The regulated electricity system costs and taxes make up about 60% of a bill in Italy. With the current measures in place, the reduction of regulated costs is >30% vs before July 2021 period.

However, in order to finance this support scheme, Italy will impose a windfall profit tax of 10% on some energy companies to the support package of measures to protect consumers and businesses from soaring energy prices. The levy will be calculated on the increase in profit that energy companies reported between October 2021 and March 2022, compared with the same period the previous year. Companies that report an increase of 5 million euros or more will face the 10% levy.

SPAIN

Since June 2021, Spain has introduced several measures to reduce a consumer electricity bill, originally planning to maintain the lower rates until the end of last year, but has since decided to keep them lower until end-June 2022. The impact on an average electricity bill is rather martial as regulated gird charges, taxes and levies make up about 50% of the bill. With these new measures, regulated costs were cut almost in half in Spain.

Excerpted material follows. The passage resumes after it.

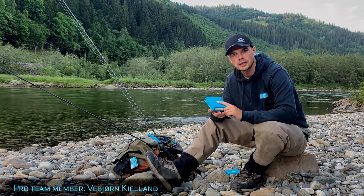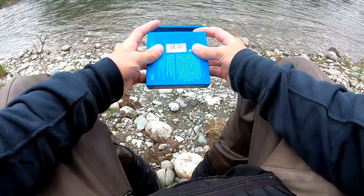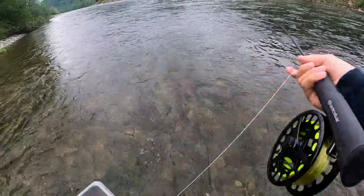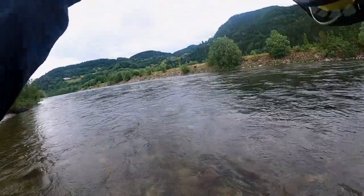Today I will talk about this. This is the Arctic Silver Reverse Density Shooting Head. Reverse Density is a shooting head with two different sinking rates, and it sinks faster in the back than in the front. The main benefit of this is that it lets you keep the fly at the same depth through the whole sweep.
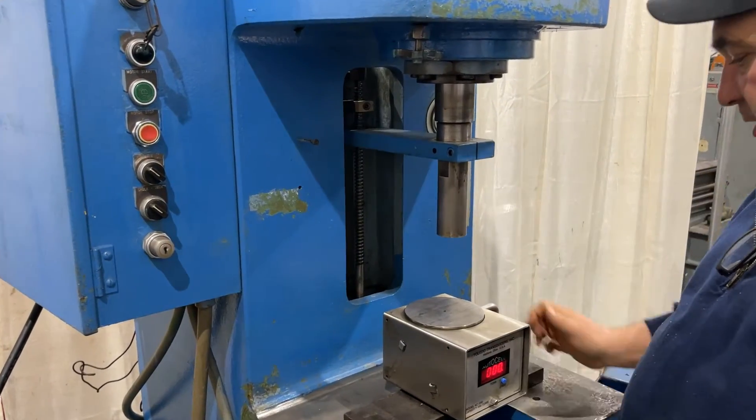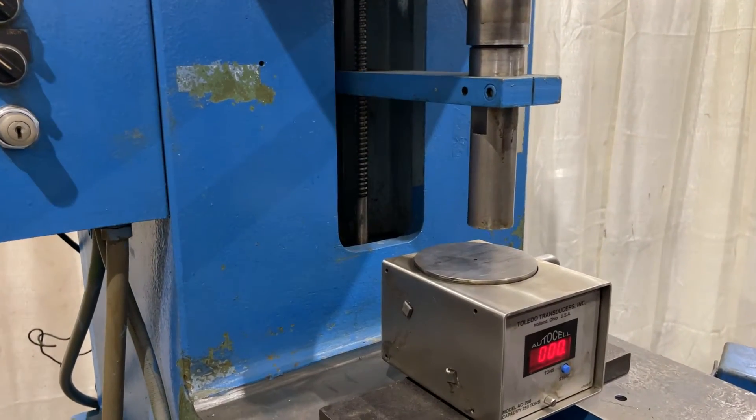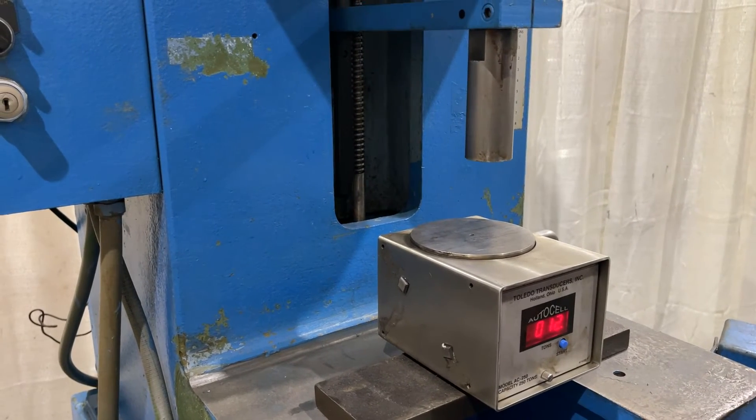Stroke is from 0 to 12 inches. We have our load cell under here and we are going to generate 12-ton. It's got an automatic pressure return set.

  • The temporary reduction in VAT on domestic electricity from 21% to 10% for consumers with a contracted power of up to 10 kW and as long as the price in the wholesale market is higher than 45 EUR/MWh.
  • The reduction of a special tax on electricity (IEE) from the rate of 5.113% to 0.5%
  • Temporary suspension of the IVPEE Generation Tax, from 07/01/2021
  • The reduction of grid system charges and power capacity charges. They go to nearly 0 €/MWh

In the addition, Spain and Portugal will both propose to Brussels this week a package of emergency measures, including a price cap on natural gas of 30 EUR/MWh, in a bid to reduce the impact of energy prices on families and companies. Such a cap would significantly reduce the price of electricity on the wholesale market in both countries.